(Records from a dataset)
^^^^

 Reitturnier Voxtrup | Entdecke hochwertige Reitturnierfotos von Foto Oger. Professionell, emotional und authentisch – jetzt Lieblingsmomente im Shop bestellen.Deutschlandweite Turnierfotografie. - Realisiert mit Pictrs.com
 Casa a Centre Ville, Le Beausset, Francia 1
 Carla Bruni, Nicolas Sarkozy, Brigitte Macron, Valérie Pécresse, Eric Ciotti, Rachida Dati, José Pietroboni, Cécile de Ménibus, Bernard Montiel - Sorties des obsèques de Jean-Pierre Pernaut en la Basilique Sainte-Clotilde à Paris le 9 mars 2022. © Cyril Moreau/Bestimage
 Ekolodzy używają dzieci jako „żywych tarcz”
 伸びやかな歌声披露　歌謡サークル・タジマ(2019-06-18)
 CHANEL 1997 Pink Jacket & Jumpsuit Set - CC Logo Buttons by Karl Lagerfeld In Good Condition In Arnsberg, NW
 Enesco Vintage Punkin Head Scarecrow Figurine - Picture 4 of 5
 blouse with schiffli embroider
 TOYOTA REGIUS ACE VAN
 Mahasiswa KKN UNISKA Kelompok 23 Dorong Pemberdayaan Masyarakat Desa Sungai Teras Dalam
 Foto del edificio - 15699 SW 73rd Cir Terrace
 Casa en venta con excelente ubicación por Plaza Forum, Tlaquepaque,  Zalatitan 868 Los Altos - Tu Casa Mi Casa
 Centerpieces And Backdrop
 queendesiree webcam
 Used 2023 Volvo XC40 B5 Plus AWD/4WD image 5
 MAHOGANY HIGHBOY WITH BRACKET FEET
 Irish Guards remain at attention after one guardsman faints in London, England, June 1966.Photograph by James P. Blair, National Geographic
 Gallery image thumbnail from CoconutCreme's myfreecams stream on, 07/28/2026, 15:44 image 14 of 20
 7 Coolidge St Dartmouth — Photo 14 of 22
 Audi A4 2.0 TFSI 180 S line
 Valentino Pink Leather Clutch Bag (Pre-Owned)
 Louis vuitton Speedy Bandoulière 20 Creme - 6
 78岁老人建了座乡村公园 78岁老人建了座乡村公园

^^^^

» **Work instruction**:
Please return the lines above that run from the line containing "Ekolodzy używają dzieci" to the line containing "queendesiree webcam", inclusive, exactly and with no other lines.

» **Solved problem**:
 Ekolodzy używają dzieci jako „żywych tarcz”
 伸びやかな歌声披露　歌謡サークル・タジマ(2019-06-18)
 CHANEL 1997 Pink Jacket & Jumpsuit Set - CC Logo Buttons by Karl Lagerfeld In Good Condition In Arnsberg, NW
 Enesco Vintage Punkin Head Scarecrow Figurine - Picture 4 of 5
 blouse with schiffli embroider
 TOYOTA REGIUS ACE VAN
 Mahasiswa KKN UNISKA Kelompok 23 Dorong Pemberdayaan Masyarakat Desa Sungai Teras Dalam
 Foto del edificio - 15699 SW 73rd Cir Terrace
 Casa en venta con excelente ubicación por Plaza Forum, Tlaquepaque,  Zalatitan 868 Los Altos - Tu Casa Mi Casa
 Centerpieces And Backdrop
 queendesiree webcam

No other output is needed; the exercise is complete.